Today I’m flying to London to join a the QCon conference, which is for professional software folks. I’m speaking on Wednesday afternoon in the Data Science vertical, and the title for my talk is, “How Do We Audit Algorithms?“. They also interviewed me for the conference.
The speaker before me is discussing the nitty gritty of recidivism modeling, otherwise known as algorithms that help judges and parole boards decide what to do with prisoners depending on their “risk of returning to the justice system”. Given how deeply racist and anti-poor our justice system is, it’s a big question whether or how data-driven studies or algorithms can improve it.
In other words, the need for auditing algorithms could not be more front and center given the talk before mine. So I’m going to use it as a use case.

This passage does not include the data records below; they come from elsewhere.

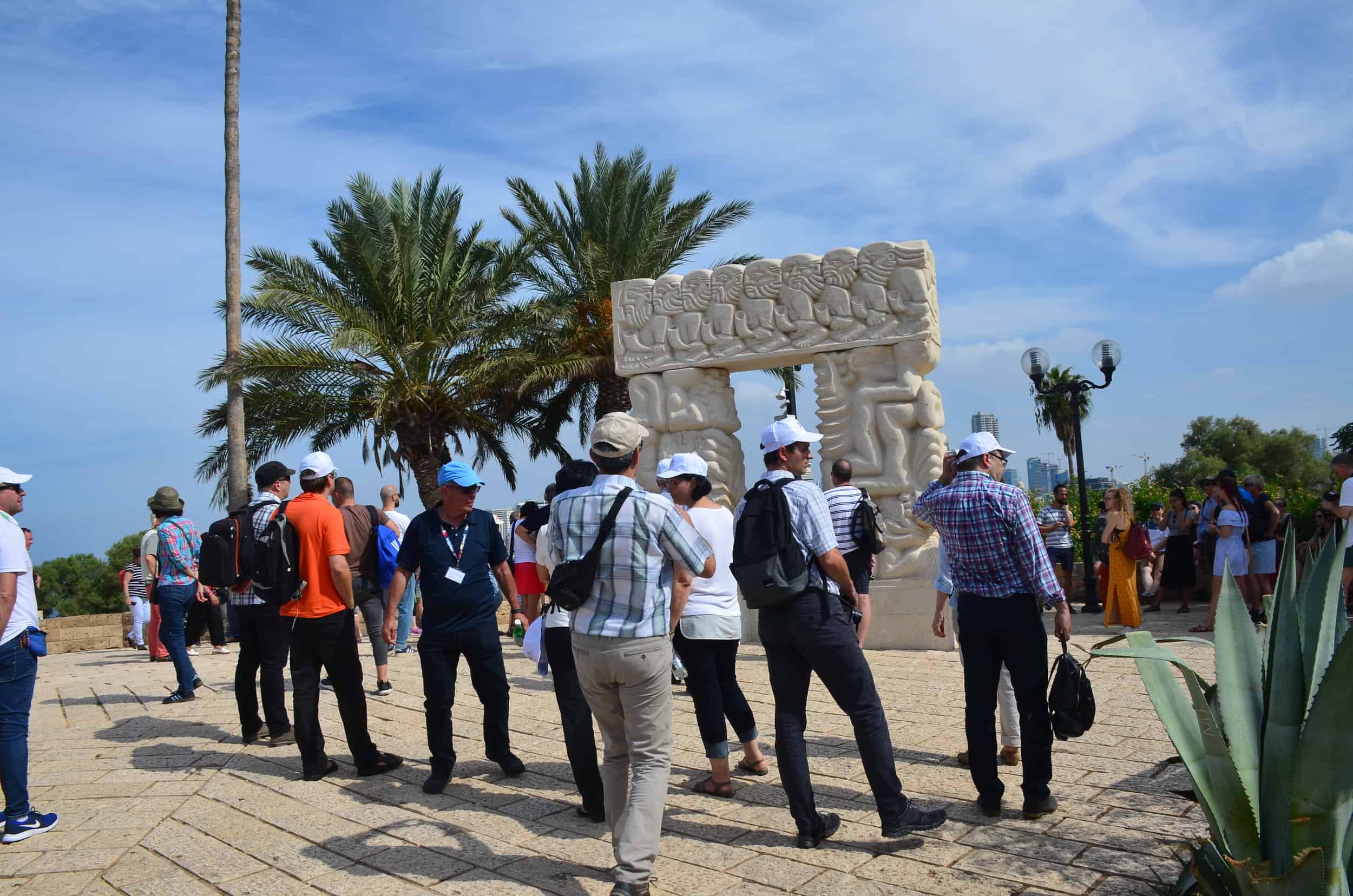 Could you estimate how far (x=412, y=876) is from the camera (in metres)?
3.86

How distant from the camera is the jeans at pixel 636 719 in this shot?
3.43 metres

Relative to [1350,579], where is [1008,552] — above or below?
above

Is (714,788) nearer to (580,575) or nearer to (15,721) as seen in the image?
(580,575)

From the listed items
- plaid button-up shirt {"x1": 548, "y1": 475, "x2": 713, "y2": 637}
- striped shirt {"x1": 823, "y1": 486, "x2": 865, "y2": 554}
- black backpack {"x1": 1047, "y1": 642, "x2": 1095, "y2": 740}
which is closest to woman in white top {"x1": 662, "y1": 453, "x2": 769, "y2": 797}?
striped shirt {"x1": 823, "y1": 486, "x2": 865, "y2": 554}

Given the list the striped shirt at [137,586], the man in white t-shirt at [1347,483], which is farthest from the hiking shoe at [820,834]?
the striped shirt at [137,586]

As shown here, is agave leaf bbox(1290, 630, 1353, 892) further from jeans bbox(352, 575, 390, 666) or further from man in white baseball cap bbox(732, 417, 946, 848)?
jeans bbox(352, 575, 390, 666)

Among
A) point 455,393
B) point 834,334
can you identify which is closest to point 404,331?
point 455,393

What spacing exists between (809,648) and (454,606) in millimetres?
1918

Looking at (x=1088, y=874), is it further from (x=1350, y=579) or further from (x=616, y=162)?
(x=616, y=162)

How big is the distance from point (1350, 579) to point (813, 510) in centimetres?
516

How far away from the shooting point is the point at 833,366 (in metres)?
9.66

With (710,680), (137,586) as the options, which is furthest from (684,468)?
(137,586)

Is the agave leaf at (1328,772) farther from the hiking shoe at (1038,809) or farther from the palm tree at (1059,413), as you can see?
the palm tree at (1059,413)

As for how we actually do audits, I’m cobbling together stuff that is known, current research, and a long list of to-dos. A very recent paper that I’ll talk about is entitled, Discovering Unwarranted Associations in Data-Driven Applications with the FairTest Testing Toolkit, and it seems to contain a pretty good set of tools – written in python, no less – that can help a curious person audit a data-driven system. However, it seems to lack real tools in the case where the “protected user attributes,” are not supplied.

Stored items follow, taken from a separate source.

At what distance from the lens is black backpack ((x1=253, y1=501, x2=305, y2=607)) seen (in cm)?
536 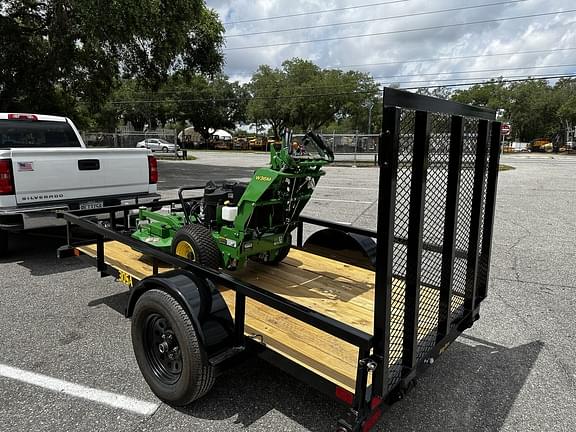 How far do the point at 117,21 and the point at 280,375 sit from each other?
42.2ft

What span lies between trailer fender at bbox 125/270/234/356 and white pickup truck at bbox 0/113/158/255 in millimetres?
3434

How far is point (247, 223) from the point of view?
3658mm

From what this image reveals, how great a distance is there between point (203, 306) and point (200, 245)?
114 cm

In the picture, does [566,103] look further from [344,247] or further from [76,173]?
[76,173]

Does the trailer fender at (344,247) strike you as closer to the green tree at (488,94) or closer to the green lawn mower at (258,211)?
the green lawn mower at (258,211)

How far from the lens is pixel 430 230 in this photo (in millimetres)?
2777

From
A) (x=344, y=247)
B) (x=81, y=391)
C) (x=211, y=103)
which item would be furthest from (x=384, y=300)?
(x=211, y=103)

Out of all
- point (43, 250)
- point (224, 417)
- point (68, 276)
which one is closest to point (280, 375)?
point (224, 417)

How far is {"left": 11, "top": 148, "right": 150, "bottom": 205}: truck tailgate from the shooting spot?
17.4ft

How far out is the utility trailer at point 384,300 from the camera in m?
2.10

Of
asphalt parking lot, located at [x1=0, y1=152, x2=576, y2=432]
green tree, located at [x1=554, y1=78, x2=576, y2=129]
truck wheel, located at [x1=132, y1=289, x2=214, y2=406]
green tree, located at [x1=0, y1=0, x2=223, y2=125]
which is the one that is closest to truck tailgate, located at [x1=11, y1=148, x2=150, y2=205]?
asphalt parking lot, located at [x1=0, y1=152, x2=576, y2=432]

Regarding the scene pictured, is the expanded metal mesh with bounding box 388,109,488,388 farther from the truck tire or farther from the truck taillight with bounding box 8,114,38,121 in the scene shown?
the truck taillight with bounding box 8,114,38,121

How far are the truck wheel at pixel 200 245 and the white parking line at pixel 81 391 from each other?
121 cm

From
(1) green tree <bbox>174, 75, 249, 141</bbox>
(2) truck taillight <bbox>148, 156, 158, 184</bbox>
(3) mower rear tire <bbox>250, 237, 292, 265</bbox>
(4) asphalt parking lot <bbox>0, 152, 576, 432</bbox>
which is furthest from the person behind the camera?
(1) green tree <bbox>174, 75, 249, 141</bbox>
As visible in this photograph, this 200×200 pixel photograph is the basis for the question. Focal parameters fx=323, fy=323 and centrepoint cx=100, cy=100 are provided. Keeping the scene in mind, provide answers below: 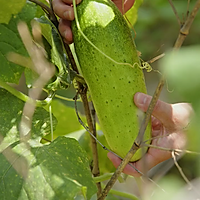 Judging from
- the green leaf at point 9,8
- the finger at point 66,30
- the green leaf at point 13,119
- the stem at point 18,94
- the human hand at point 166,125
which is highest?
the green leaf at point 9,8

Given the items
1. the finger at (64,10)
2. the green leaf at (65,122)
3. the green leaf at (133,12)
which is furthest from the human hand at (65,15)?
the green leaf at (65,122)

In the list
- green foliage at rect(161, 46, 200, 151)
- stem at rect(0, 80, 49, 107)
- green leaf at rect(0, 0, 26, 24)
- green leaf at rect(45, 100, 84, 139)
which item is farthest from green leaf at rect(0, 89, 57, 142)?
green foliage at rect(161, 46, 200, 151)

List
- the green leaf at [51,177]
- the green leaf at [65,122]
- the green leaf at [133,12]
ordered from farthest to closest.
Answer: the green leaf at [65,122], the green leaf at [133,12], the green leaf at [51,177]

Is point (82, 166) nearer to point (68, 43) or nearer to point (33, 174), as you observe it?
point (33, 174)

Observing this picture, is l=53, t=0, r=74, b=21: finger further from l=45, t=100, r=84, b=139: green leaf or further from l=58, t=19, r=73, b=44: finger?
l=45, t=100, r=84, b=139: green leaf

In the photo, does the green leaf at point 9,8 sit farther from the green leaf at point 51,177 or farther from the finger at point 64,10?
the green leaf at point 51,177

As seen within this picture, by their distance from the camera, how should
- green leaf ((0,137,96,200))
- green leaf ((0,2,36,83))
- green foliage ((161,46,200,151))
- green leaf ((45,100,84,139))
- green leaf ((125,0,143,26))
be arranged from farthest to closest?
green leaf ((45,100,84,139)) < green leaf ((125,0,143,26)) < green leaf ((0,2,36,83)) < green leaf ((0,137,96,200)) < green foliage ((161,46,200,151))

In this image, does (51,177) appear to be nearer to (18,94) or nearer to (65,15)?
(18,94)

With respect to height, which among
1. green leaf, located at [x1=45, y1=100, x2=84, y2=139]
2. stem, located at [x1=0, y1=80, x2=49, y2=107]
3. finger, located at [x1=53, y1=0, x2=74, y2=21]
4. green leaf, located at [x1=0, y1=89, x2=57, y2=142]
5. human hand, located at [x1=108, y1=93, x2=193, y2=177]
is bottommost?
green leaf, located at [x1=45, y1=100, x2=84, y2=139] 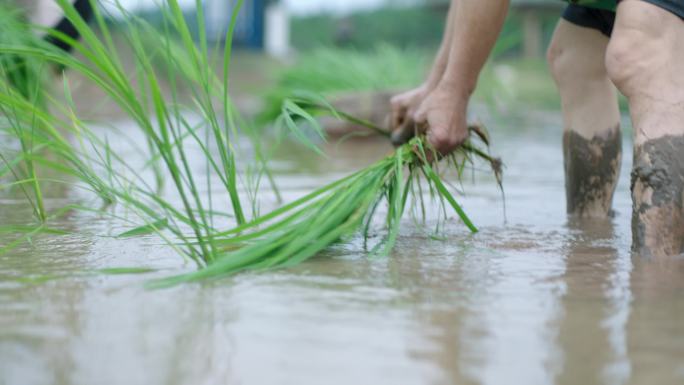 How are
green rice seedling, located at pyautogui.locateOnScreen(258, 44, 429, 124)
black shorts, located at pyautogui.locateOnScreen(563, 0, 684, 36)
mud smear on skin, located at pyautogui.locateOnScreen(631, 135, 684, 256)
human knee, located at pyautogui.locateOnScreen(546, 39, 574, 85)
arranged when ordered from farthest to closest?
green rice seedling, located at pyautogui.locateOnScreen(258, 44, 429, 124) < human knee, located at pyautogui.locateOnScreen(546, 39, 574, 85) < black shorts, located at pyautogui.locateOnScreen(563, 0, 684, 36) < mud smear on skin, located at pyautogui.locateOnScreen(631, 135, 684, 256)

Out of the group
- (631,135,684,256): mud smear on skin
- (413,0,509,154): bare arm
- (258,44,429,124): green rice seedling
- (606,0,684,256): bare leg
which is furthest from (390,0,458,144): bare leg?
(258,44,429,124): green rice seedling

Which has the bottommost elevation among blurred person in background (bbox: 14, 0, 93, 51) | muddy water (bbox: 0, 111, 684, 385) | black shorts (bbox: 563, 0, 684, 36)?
muddy water (bbox: 0, 111, 684, 385)

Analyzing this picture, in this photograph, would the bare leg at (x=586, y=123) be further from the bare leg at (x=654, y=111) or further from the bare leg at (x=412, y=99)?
the bare leg at (x=654, y=111)

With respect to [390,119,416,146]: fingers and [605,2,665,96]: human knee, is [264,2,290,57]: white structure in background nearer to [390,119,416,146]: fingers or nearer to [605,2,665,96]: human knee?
[390,119,416,146]: fingers

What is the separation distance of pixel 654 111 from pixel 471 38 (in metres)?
0.43

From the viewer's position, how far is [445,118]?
81.7 inches

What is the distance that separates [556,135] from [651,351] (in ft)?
14.8

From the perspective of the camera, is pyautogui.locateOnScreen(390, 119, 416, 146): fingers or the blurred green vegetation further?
the blurred green vegetation

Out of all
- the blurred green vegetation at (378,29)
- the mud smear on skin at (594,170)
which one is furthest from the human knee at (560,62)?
the blurred green vegetation at (378,29)

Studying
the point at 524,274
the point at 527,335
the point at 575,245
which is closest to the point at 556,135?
the point at 575,245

So, if you have a dataset showing the history of a bunch of prisoners, their recidivism scores, and their subsequent sentencing lengths, you’d like to know whether the algorithms was biased against blacks or against poor people. But if you don’t have the column “race” or “income,” it’s a lot harder to do that analysis.
Best thing you can do, besides trying to collect such data in the future, might be something along these lines, where you do your best to infer race from zip codes and last names. But not all modelers even have that, so it gets tricky pretty fast.
As usual all thoughts and references are deeply appreciated.